3. Responsibility of the employers

by John Darker AMBIM

IN OR DER to avoid confusion in a wordy comparison of the terms of the 1971 Industrial Relations Act and the recent Trade Union and Labour Relations Act, 1974, it must he accepted that sizeable chunks of the previous legislation still apply. Schedule I of the new Act lists the provisions of the 1971 Act which have survived.

Although employers no longer possess the substantial freedom of action they once did to sack an employee, and a "borderline" case may well require the employer to "argue his corner" before an Industrial Tribunal, no law would be .practicable which denied an employer the ultimate sanction of dismissal. The additional responsibility imposed on management to ensure that a dismissal is "fair" needs no stressing in the context that impartial outsiders — members of the Industrial Tribunal may have to be convinced by a full recital of the background details.

No employer can be compelled to employ someone whose continued presence would constitute a criminal offence. An employee who has made a violent physical assault on a foreman, or a fellow employee, cannot look to the new Act for protection. Theft, pilferage, wilful destruction of property, still justify instant dismissal if the employer is certain as to the facts.

Borderline cases

It is the borderline cases• of misconduct which create difficulties for employers. Industrial Tribunals pay much attention to the manner in which the employing firm has observed the Code of Practice drawn up, after the fullest consultation, by the Department of Employment under Mr Robert Carr. Paragraphs 131-133 of the Code are particularly relevant for they assume that management has already jointly agreed a satisfactory disciplinary procedure with employee representatives of the relevant trade unions.

Paragraph 131 of the Code says: "Management should make known to each employee: i) its disciplinary rules and the agreed procedure; ii) the type of circumstances which can lead to suspension or dismissal." Paragraph 132 goes on: "The procedure should be in writing and should: I) specify who has the authority to take various forms of disciplinary action, and ensure that supervisors do not have the power to dismiss without reference to more senior management; ii) give the employee the opportunity to state his case and the right to be accompanied by his employee representative; iii) provide for a right of appeal, wherever practicable, to a level of management not previously involved; iv) provide for independent arbitration if the parties to the procedure wish it."

Paragraph 133 says: "Where there has been misconduct, the disciplinary action to be taken will depend on the circumstances, including the nature of the misconduct.
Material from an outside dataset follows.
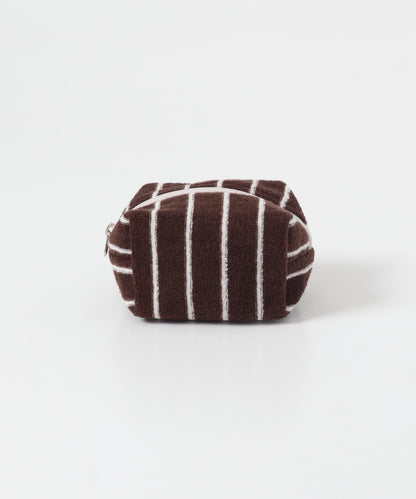 UNFOLD Stripe terry pouch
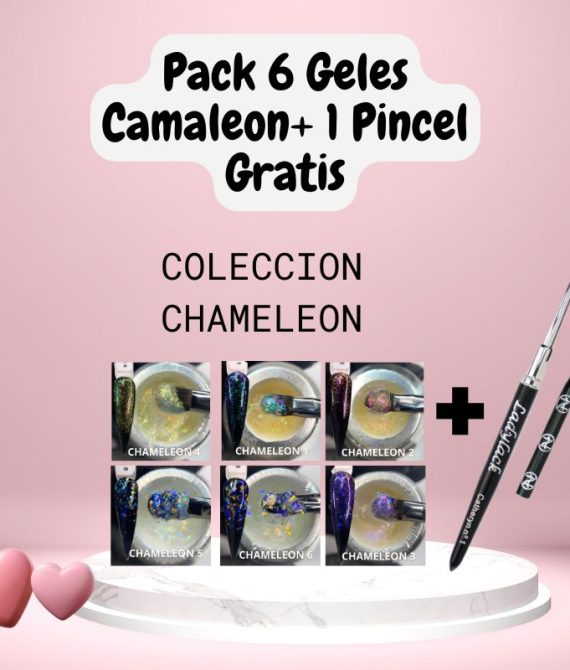 Pack 6 Geles Camaleon+ 1 Pincel Gratis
But normally the procedure should operate as follows: i) the first step should be an oral warning or, in the case of more serious misconduct, a written warning setting out the circumstances; ii) no employee should be dismissed for a first breach of discipline except in the case of gross misconduct; iii) action on any further misconduct, for example, final warning, suspension without pay or dismissal, should be recorded in writing; iv) details of any disciplinary action should be given in writing to the employee and, if he so wishes, to his employee representative; v) no disciplinary action should be taken against a shop steward until the circumstances of the case have been discussed with a full-time official of the union concerned."

Fair reasons

The Act details a number of reasons for dismissal which are generally regarded as fair, ie relating to "the capability or qualifications of the employee for performing work of the kind which he was employed by the employer to do," or which "related to the conduct of the employee," or "that the employee was redundant," or that "the employee could not continue to work in the position which he held without contravention (either on his part or on that of his employer) of a duty or restriction imposed by or under an enactment."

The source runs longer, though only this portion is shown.